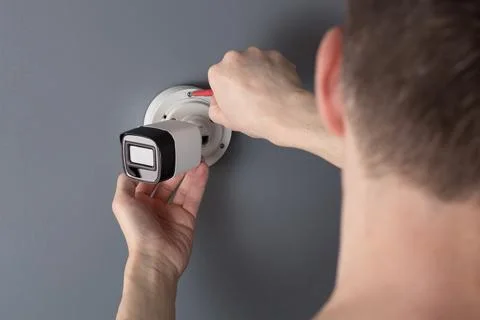 Security cameras in the service engineer hand close up on gray background. Stock Photos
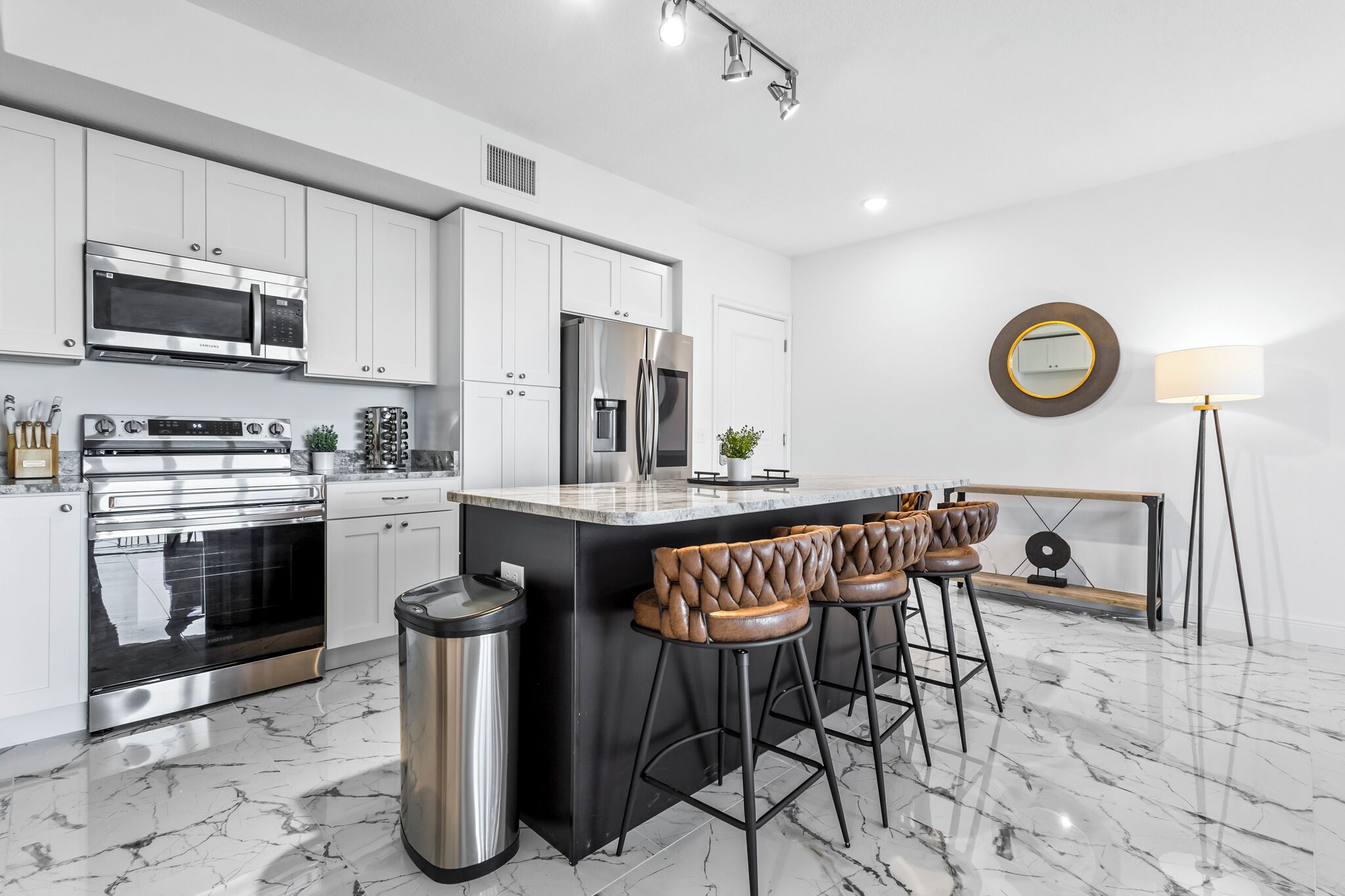 A modern kitchen with white cabinets, stainless steel appliances, a marble countertop, and a bar area with stools.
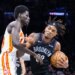 Nets center Nic Claxton (33) drives against Atlanta Hawks forward Mouhamed Gueye (18) during the first half at Barclays Center, Friday, April 3, 2026, in Brooklyn, NY.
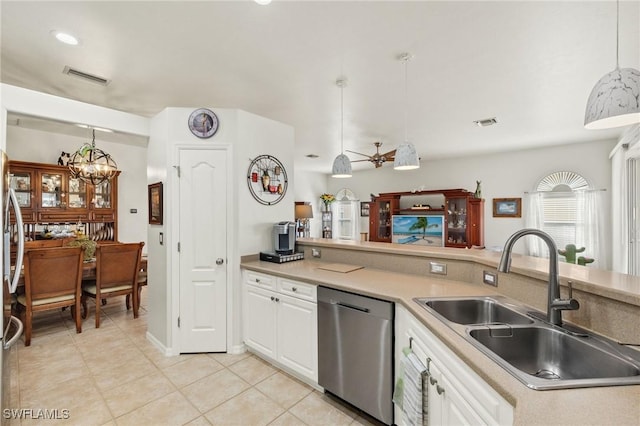 kitchen with hanging light fixtures, white cabinetry, sink, and stainless steel dishwasher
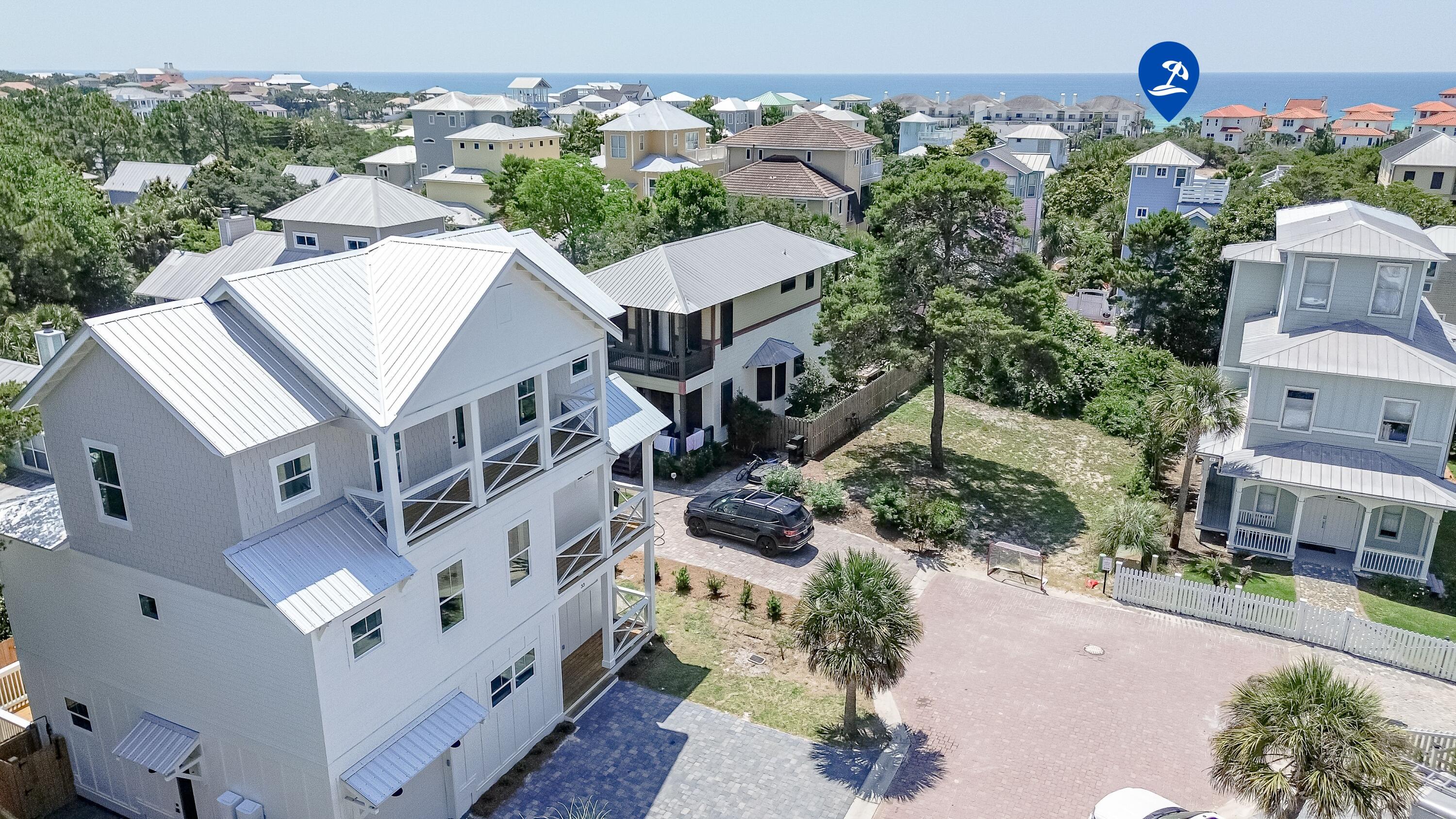 33 Maritime Way Santa Rosa Beach, FL 32459 - Photo 7 of 71 an aerial view of multiple houses with a yard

:::::

**Work to be completed**
The material above holds pictures; leave them out and set down exactly the lines from the line with "Nets center Nic" to the line with "kitchen with hanging", both included.

**Answer to this exercise**
 Nets center Nic Claxton (33) drives against Atlanta Hawks forward Mouhamed Gueye (18) during the first half at Barclays Center, Friday, April 3, 2026, in Brooklyn, NY.
 kitchen with hanging light fixtures, white cabinetry, sink, and stainless steel dishwasher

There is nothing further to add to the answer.